For the week, Wolff has connected with just 12 of 42 fairways, a line that at any other Tour event wouldn’t be worth mentioning. But this is Winged Foot. This was supposed to be the line in the distance-debate sand, where classic design and a half foot of hay put the athletes back in their place.

This was where DeChambeau’s experiment would be put to the test. Sure, he could overpower the likes of Detroit Golf Club, but put him on a big ballpark like the West Course and he’d dial back his swing-for-the-fences ways or else pay the price.

On a cool and breezy Saturday, DeChambeau wildly missed the fairway at the second hole and was 2 over through as many holes, but he kept swinging. He missed the fourth fairway, again wildly left, and he kept swinging. Whichever way this experiment plays out for the mad scientist, there is no questioning his resolve.

“I’m going to be aggressive no matter what. If it’s the right play. If it’s the right wind, the right situation,” DeChambeau said before adding a curious, “You’ve just got to hit fairways out here.”

Do you?

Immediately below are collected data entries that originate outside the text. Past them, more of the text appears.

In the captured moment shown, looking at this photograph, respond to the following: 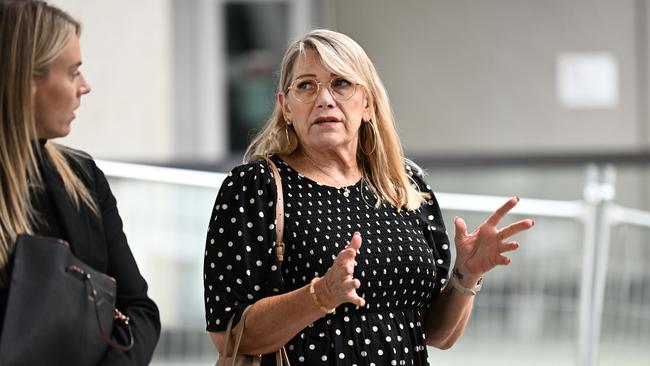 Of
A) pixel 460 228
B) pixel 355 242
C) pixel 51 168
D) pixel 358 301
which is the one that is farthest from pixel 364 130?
pixel 51 168

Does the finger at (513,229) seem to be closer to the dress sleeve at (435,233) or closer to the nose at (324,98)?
A: the dress sleeve at (435,233)

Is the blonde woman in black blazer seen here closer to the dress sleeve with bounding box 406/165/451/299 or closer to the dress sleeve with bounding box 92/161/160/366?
the dress sleeve with bounding box 92/161/160/366

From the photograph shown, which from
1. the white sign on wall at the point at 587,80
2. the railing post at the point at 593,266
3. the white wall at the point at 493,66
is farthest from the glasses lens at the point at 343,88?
the white sign on wall at the point at 587,80

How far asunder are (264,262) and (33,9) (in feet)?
2.85

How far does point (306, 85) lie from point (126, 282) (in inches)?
30.1

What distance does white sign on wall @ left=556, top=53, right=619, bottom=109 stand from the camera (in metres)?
12.7

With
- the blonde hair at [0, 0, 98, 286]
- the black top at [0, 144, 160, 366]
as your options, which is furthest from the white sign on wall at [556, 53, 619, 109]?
the blonde hair at [0, 0, 98, 286]

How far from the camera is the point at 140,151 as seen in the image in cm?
1079

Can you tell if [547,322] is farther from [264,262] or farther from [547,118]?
[547,118]

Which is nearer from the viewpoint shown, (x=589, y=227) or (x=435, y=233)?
(x=435, y=233)

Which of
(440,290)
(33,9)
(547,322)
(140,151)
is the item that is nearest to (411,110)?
(140,151)

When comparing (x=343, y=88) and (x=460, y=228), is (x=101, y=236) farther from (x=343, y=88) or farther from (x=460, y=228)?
(x=460, y=228)

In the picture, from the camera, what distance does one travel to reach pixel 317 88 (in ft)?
12.0

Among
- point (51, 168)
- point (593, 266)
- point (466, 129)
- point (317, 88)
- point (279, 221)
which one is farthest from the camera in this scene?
point (466, 129) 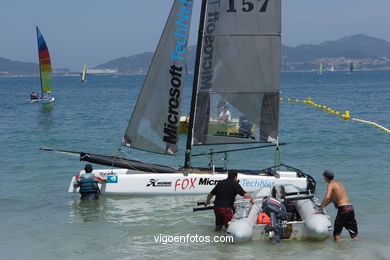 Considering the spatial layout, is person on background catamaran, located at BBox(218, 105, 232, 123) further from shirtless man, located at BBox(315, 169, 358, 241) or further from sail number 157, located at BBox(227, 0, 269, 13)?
shirtless man, located at BBox(315, 169, 358, 241)

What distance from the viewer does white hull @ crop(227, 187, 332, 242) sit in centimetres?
1208

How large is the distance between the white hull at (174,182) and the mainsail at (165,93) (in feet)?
3.07

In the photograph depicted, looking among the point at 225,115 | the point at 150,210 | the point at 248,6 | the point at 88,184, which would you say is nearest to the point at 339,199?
the point at 225,115

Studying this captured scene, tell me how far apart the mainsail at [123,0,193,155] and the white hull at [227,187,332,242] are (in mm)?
5301

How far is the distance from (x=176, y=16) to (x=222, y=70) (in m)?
2.09

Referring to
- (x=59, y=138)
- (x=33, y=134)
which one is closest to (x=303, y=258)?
(x=59, y=138)

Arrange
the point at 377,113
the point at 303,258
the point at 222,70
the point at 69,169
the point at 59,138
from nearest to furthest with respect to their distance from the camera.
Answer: the point at 303,258 < the point at 222,70 < the point at 69,169 < the point at 59,138 < the point at 377,113

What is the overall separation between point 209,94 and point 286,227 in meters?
5.38

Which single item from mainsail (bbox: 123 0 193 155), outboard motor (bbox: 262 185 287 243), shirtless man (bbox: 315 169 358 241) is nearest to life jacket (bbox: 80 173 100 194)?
mainsail (bbox: 123 0 193 155)

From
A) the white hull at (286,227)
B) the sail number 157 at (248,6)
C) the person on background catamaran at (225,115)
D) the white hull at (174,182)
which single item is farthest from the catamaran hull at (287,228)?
the sail number 157 at (248,6)

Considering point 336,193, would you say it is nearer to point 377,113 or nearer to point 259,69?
point 259,69

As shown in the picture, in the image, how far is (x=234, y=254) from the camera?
38.9ft

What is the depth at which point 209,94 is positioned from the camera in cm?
1645

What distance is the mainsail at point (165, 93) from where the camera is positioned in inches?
652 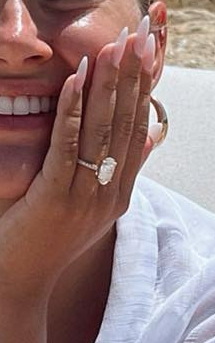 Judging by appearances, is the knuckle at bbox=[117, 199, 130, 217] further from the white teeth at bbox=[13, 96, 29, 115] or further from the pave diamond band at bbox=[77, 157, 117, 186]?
the white teeth at bbox=[13, 96, 29, 115]

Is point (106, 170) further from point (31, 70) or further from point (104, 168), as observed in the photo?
point (31, 70)

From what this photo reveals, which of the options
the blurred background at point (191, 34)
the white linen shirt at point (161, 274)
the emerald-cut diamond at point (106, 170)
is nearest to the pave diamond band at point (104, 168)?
the emerald-cut diamond at point (106, 170)

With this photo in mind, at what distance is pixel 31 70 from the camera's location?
1541mm

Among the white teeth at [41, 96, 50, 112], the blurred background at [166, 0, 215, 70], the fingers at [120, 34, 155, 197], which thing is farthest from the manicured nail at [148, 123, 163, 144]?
the blurred background at [166, 0, 215, 70]

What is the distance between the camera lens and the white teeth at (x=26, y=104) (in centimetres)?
155

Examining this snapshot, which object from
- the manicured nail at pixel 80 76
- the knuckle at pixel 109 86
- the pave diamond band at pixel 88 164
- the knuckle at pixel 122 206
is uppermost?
the manicured nail at pixel 80 76

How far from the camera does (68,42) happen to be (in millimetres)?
1593

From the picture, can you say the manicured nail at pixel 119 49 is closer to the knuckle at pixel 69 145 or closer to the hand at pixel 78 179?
the hand at pixel 78 179

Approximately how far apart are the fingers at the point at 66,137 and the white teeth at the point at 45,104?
0.06m

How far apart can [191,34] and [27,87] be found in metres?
3.87

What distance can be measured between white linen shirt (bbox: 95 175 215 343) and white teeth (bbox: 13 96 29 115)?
0.38 m

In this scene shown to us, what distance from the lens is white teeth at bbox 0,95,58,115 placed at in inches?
61.1

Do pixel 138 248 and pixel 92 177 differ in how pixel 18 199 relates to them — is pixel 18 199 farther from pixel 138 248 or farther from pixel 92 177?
pixel 138 248

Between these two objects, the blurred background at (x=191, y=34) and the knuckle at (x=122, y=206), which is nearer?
the knuckle at (x=122, y=206)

Do you really have to hit fairways, Bryson?

History tells us that U.S. Open champions can’t be found in the rough and Winged Foot may still have some tricks for this new generation of Bronx bombers.

Louis Oosthuizen, who looms at 1 under and alone in third place, fits the mold of a Winged Foot winner – straight, calm, risk averse. But even after things inched closer to normal on Friday with what the club’s membership would agree was a proper scoring average (75.25), the athletes proved themselves to be bigger, stronger, faster than the previous generations.


U.S. Open: Full-field scores | Full coverage


The rules that applied at previous Winged Foot Opens no longer seem to be relevant. Players say all the right things about needing to hit fairways and how impossible it is to play out of the rough, but for the likes of someone such as Wolff, it doesn’t seem like it’s all that sincere.

“He hits it really far. He hits it really high. He’s not afraid. And yeah, he doesn’t really care,” Xander Schauffele said of Wolff.

It stands to reason that the pandemic-year majors without fans, buzz and atmosphere would be dominated by players who are fresh out of college, where every event is of the “intimate” variety. When Collin Morikawa, 23, won the PGA Championship, he celebrated in relative silence. Wolff’s never played a major with fans. Maybe, in a twisted way, it’s best that the New Yorkers aren’t here to see what this generation is doing to their beloved Winged Foot.

It doesn’t appear as if Geoff Ogilvy is going to scramble around the corner of the 18th hole to save the day this time. Storied Winged Foot is on its own, and it doesn’t feel like a fair fight.